“Fantastic! Beautifully presented, really informative and interactive. Only wish it had been longer!” (Visitor to The National Archives’ Cold War exhibition, 2019)
People are fascinated by history. Whether through non-fiction books, novels, films, TV dramas, documentaries, or biographies, people want to be immersed in stories of the past. Despite this, the vast majority of the population will never visit an archive. Those who do are usually researchers, including academics, authors and family historians.
This is, in part, due to the nature of visiting an archive – they have traditionally been designed for research, rather than as a cultural experience. You usually need to arrive with a broad understanding of what you want to see, and work at a desk in a reading room. This isn’t for everyone, no matter how interested they may be in Henry VIII or the Suffrage movement.

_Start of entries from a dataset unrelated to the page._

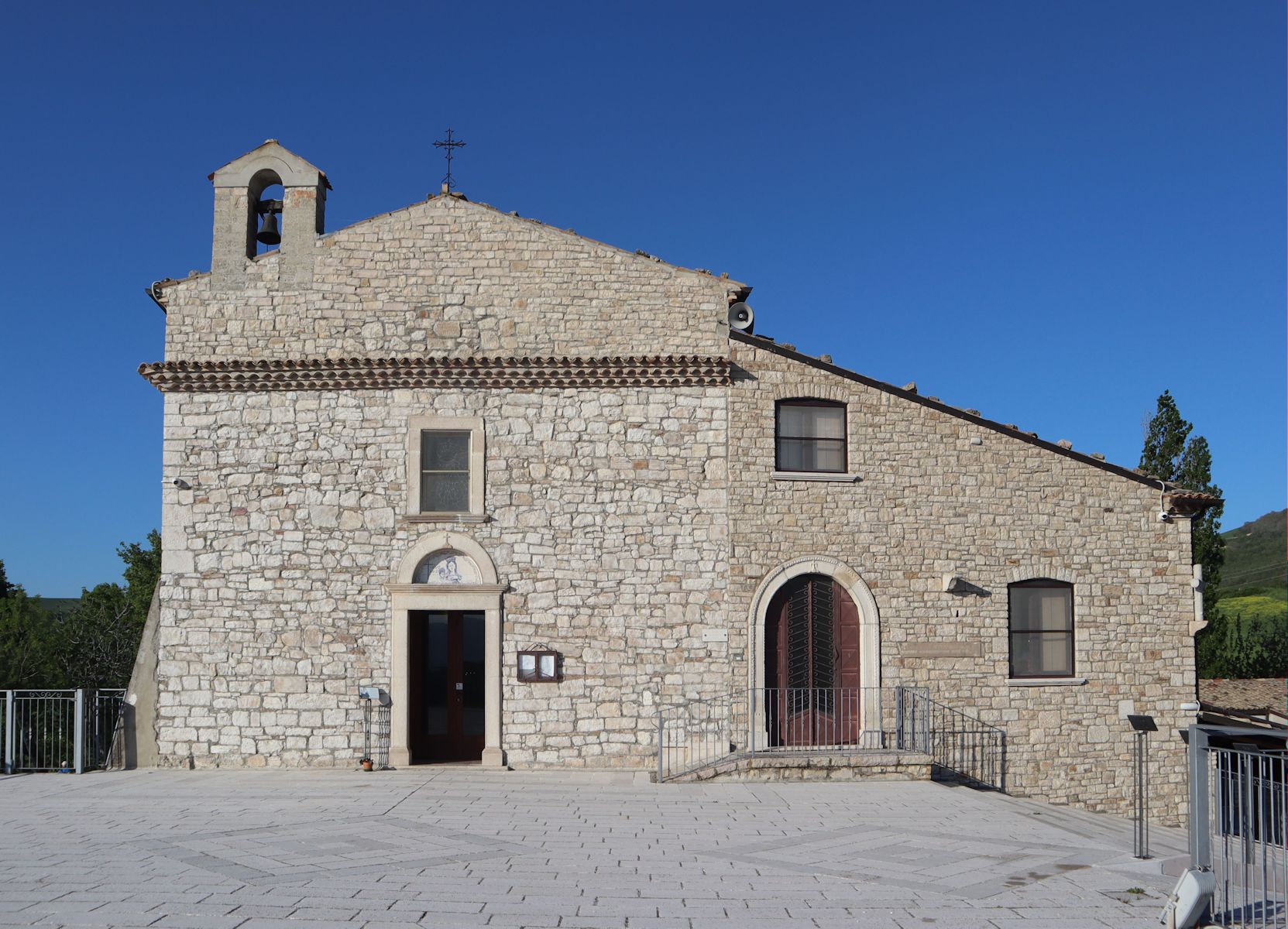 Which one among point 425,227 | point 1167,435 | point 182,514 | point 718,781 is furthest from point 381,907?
point 1167,435

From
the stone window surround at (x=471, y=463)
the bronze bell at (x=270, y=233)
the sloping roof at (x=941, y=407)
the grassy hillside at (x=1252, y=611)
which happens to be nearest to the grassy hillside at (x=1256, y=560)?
the grassy hillside at (x=1252, y=611)

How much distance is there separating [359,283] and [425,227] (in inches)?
51.2

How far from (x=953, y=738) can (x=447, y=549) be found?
7774 millimetres

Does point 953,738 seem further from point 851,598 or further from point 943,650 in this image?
point 851,598

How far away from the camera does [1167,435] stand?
30875mm

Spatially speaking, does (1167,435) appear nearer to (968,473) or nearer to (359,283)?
(968,473)

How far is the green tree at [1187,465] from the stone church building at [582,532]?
1533 cm

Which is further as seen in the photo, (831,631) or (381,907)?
(831,631)

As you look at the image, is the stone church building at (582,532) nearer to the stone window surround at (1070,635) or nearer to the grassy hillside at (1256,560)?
the stone window surround at (1070,635)

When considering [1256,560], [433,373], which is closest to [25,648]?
[433,373]

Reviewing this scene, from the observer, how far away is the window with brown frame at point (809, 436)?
1616 cm

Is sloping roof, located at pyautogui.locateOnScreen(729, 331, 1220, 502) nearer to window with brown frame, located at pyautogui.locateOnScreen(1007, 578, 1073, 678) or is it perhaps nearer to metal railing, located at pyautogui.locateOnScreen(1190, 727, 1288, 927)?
window with brown frame, located at pyautogui.locateOnScreen(1007, 578, 1073, 678)

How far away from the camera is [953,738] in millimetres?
15602

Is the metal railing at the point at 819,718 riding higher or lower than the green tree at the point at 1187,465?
lower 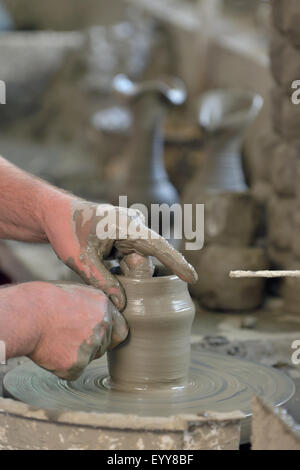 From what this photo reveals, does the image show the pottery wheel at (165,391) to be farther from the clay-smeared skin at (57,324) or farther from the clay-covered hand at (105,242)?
the clay-covered hand at (105,242)

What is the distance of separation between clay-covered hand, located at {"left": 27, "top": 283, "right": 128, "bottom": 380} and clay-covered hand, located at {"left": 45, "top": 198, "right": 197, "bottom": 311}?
0.36 ft

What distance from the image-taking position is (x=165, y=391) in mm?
2062

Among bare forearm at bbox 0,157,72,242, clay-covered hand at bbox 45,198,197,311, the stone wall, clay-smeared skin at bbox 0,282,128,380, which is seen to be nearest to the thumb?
clay-covered hand at bbox 45,198,197,311

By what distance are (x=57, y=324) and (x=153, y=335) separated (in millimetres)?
278

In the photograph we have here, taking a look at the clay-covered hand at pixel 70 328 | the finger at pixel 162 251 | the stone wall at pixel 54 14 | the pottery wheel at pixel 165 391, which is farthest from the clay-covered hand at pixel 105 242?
the stone wall at pixel 54 14

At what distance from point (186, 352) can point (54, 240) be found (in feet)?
1.53

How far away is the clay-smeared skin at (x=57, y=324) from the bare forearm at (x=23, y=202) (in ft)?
1.04

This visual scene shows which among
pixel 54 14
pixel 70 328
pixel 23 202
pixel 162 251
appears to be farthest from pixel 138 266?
pixel 54 14

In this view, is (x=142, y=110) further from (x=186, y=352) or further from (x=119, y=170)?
(x=186, y=352)

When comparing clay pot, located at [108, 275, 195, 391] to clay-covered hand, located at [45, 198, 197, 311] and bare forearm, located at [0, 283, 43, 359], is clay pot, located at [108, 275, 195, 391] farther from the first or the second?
bare forearm, located at [0, 283, 43, 359]

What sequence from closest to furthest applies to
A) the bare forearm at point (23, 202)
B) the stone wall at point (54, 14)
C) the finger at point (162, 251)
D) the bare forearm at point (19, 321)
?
the bare forearm at point (19, 321)
the finger at point (162, 251)
the bare forearm at point (23, 202)
the stone wall at point (54, 14)

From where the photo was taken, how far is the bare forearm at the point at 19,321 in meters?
1.86

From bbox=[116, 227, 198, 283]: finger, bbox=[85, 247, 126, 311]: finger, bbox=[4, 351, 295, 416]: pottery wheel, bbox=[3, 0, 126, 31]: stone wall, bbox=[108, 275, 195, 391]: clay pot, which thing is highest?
bbox=[3, 0, 126, 31]: stone wall

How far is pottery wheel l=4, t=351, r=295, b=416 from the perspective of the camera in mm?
Answer: 1951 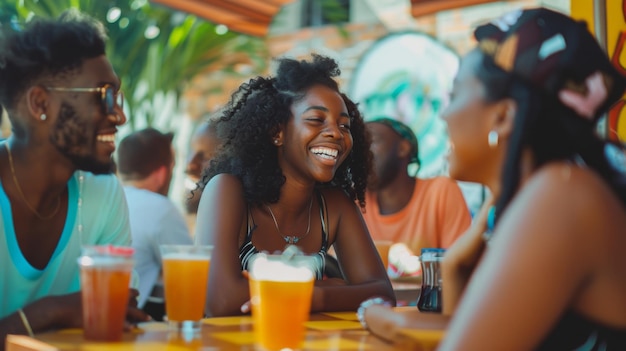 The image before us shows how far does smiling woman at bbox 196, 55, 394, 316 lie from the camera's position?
281 cm

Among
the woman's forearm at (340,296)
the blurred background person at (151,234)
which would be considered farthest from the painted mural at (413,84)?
the woman's forearm at (340,296)

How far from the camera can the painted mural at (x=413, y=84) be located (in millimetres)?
6613

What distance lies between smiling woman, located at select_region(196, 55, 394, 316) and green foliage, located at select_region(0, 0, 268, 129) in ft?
17.3

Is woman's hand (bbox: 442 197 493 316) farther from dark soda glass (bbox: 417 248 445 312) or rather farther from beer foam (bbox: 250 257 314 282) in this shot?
beer foam (bbox: 250 257 314 282)

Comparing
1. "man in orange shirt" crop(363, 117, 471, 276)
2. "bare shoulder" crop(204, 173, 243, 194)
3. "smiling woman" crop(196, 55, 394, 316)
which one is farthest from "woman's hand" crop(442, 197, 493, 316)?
"man in orange shirt" crop(363, 117, 471, 276)

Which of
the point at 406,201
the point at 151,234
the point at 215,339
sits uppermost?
the point at 215,339

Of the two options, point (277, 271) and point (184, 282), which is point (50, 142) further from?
point (277, 271)

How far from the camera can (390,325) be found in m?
1.80

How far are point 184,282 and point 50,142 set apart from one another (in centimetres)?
75

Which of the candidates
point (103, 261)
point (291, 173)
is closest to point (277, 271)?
point (103, 261)

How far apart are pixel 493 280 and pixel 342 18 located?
6585mm

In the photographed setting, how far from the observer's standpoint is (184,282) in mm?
1874

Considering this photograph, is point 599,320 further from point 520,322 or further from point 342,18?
point 342,18

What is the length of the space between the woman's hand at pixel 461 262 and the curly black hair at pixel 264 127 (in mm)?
1131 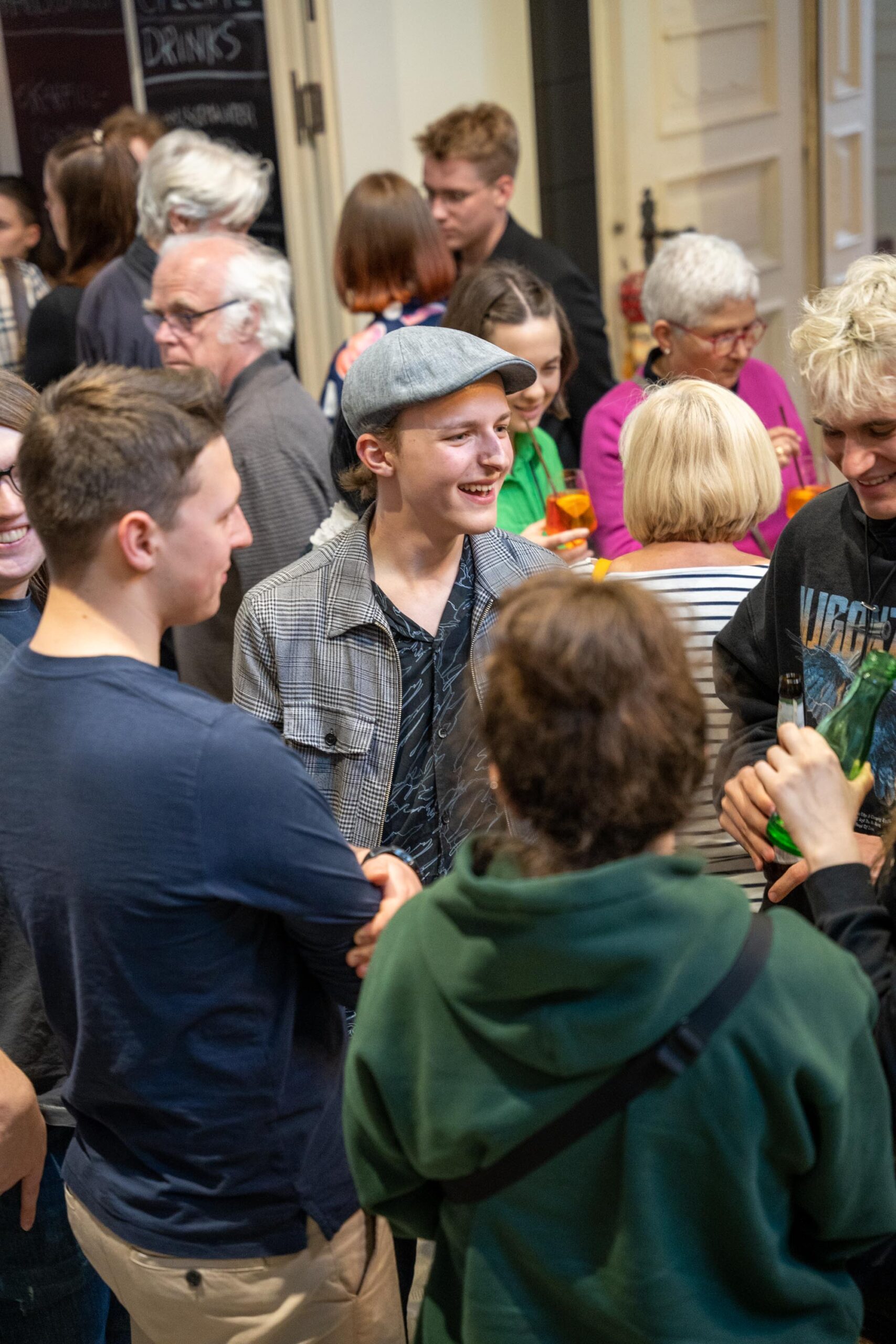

The National Archives has been changing this, through a programme of exhibitions, events and other innovative activities. This provides audiences with new ways of accessing archive materials, curated and presented to guide the visitor, while still allowing audiences to reach their own conclusions. Bringing the past to life through graphics, films, immersive experiences and recreated spaces and events allows people to see, hear and touch history as well as read about it.
The spaces and facilities at Kew are insufficient for this ambitious programme to reach its potential. Significant redevelopment is needed to create a space in which The National Archives can truly become the home of our nation’s stories and provide creative and innovative ways for people to encounter the past.
To be a truly national archive, we need to look beyond Kew. The Trust wants these opportunities to become available to everyone, all around the country, through touring exhibitions and regional events. Working with local archives, museums, galleries and libraries, we want to help take the riches of archival collections out to the nation.